The Burton Group rejected rumours that its Principles womenswear chain was in trouble in the June 8, 1985 edition of Drapers.
The chain, which was launched in September 1984 in a bid to capture the affluent over-25s market, had 37 stores. However, after Principles stock was spotted in the Peter Robinson department store in London’s Oxford Circus at huge reductions, speculation mounted that the chain was in serious trouble.
A spokeswoman admitted to some “teething problems”, but she added that it was to be “expected after just nine months of trading”. She went on to explain that the “subtle” look of Principles’ product meant it hadn’t been accepted in some parts of the country, but the design direction was “spot on”. The business vowed to bring more of its design process in-house.
Drapers suggested the problems could centre on the chain’s “exclusive concentration on the affluent working woman, rather than casting a wider net, Next-style.”
Elsewhere this week, Drapers analysed the impact made by Danish entrepreneur Peter Bertelsen. After winning licences to open eight stores in London for designer brands including Giorgio Armani and Valentino, Bertelsen ramped up his efforts to build a fashion empire by setting up a wholesale firm to market designer collections in the UK.
Bertelsen had ruffled the feathers of London retailers in building his store portfolio. Designer indie Browns had sold Giorgio Armani for 10 years before Bertelsen won exclusivity on the brand by striking a deal to open a Giorgio Armani store on Bond Street, while retailers that had successfully sold the Krizia label were then told that only Harvey Nichols and Bertelsen’s new Gallery 28 store, due to open on Brook Street at the end of July, would be the only UK stockists.
The June 6 1959 issue of Menswear (later incorporated into Drapers) hailed Marks & Spencer’s invention of a new finish on wool cloths that would allow a durable crease to be put on men’s trousers without the use of chemicals.
M&S created the method in conjunction with Proban, a subsidiary of The Bradford Dyers’ Association, which hoped to license it to other cloth finishers under the name Immacula.
Australian firm CSIRO invented the Si-Ro-Set process in 1957, allowing the permanent creation of pleats using chemicals at the “making up stage” of production. However, M&S and Proban hoped the chemical-free nature of Immacula, and the fact that it could be applied by the use of ordinary steam presses at the finishing stage of production, would hand it an advantage over Si-Ro-Set.
Also arousing interest this week was the opening of menswear retailer Mensfayre at Station Bridge in Ilford, Essex.
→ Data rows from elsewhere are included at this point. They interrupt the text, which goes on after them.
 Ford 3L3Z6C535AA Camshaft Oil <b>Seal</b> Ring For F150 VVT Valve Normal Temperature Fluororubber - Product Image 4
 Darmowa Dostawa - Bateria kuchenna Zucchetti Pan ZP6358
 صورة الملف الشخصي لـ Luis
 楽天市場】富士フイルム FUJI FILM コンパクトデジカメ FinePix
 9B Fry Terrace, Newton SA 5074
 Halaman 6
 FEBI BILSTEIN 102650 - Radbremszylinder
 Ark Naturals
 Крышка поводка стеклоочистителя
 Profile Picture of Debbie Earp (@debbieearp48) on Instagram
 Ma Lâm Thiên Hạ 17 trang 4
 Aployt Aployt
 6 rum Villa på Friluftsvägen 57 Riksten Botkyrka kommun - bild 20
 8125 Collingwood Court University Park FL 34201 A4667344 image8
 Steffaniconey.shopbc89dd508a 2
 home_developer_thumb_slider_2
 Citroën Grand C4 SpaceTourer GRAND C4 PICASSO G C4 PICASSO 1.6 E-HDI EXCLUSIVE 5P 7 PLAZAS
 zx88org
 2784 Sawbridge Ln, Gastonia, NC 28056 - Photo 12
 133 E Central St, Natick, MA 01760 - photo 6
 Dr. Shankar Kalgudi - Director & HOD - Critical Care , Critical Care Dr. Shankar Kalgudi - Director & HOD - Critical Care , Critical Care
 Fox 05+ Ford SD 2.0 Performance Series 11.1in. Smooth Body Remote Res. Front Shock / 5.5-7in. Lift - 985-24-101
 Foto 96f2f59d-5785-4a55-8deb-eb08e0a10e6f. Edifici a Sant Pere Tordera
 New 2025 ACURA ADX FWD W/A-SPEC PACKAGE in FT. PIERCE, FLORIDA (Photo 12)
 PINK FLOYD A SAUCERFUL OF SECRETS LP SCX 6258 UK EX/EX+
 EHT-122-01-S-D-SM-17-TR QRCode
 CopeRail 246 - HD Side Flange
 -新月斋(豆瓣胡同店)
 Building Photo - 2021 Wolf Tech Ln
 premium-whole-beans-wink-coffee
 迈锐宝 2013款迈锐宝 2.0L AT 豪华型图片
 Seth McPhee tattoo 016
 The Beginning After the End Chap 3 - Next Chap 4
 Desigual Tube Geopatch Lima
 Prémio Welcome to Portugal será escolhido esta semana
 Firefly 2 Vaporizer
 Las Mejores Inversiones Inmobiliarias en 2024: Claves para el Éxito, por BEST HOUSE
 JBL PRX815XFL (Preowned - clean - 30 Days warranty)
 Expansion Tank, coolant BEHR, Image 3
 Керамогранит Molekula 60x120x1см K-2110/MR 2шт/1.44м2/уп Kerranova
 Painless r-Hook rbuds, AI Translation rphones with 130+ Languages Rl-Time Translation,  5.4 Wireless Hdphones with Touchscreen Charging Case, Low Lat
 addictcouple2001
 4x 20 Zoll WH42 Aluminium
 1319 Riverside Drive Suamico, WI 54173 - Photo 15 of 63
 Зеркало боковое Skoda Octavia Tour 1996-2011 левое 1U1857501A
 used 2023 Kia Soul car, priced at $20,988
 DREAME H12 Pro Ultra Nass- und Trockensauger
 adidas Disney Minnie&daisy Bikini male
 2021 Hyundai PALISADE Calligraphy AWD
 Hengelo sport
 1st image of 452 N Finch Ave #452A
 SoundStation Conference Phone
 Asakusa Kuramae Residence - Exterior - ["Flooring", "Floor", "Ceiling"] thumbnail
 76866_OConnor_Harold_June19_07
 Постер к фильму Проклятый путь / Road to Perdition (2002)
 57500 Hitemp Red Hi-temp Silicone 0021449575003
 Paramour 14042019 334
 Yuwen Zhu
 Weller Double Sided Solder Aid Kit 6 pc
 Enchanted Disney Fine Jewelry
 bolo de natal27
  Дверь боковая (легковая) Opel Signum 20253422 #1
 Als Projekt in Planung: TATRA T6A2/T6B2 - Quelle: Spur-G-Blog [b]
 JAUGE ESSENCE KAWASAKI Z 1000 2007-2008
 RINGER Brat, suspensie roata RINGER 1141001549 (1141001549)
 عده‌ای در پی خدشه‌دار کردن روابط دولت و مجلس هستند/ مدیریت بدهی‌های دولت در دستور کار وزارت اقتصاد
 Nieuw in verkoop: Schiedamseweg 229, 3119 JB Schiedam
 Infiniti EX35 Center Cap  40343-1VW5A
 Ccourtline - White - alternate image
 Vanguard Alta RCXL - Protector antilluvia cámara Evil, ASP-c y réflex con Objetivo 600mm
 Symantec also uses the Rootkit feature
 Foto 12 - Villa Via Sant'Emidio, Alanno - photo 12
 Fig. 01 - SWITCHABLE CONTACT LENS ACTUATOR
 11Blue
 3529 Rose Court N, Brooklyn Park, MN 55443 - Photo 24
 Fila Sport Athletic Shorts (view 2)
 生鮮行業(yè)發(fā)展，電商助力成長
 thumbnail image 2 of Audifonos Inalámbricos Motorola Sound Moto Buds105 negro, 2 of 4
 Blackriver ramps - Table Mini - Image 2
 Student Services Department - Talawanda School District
After deciding that men were put off from making a purchase when unable to immediately see the item they required, Mensfayre dreamt up the ploy of putting “practically every item of stock on display”, merchandised according to price and size.
The “merrie month of May” passed by without the “London season” regaining any of its pre-First World War splendour, wrote Drapers on June 4 1921, as it lamented “the industrial changes” and the changing of the old order, meaning that “those who used to make the London season no longer come.”
However, amid the gloom, Drapers cast an eye over what womenswear trends the city did have to offer. With the events season on the horizon, frocks for Ascot were using painted georgette, usually blue or grey with yellow, blue or pink florals. Lace was also prominent.
“Charming frocks” were also spotted among the London theatre set, with skirts falling in deep, graceful points, while hats included a new wide-brimmed shape.
Causing anger in this week’s issue was Royal Mail, which announced price increases. Drapers complained that this was due to “the combined effect of inefficiency, extravagance, lack of enterprise, and gross mismanagement.”
The Royal Mail’s monopoly on postal services was part of the problem. “If the business it conducts was open to competition we think the public would soon be provided with cheaper and better facilities. Only a monopolist can wipe out deficiencies by the simple process of raising prices.”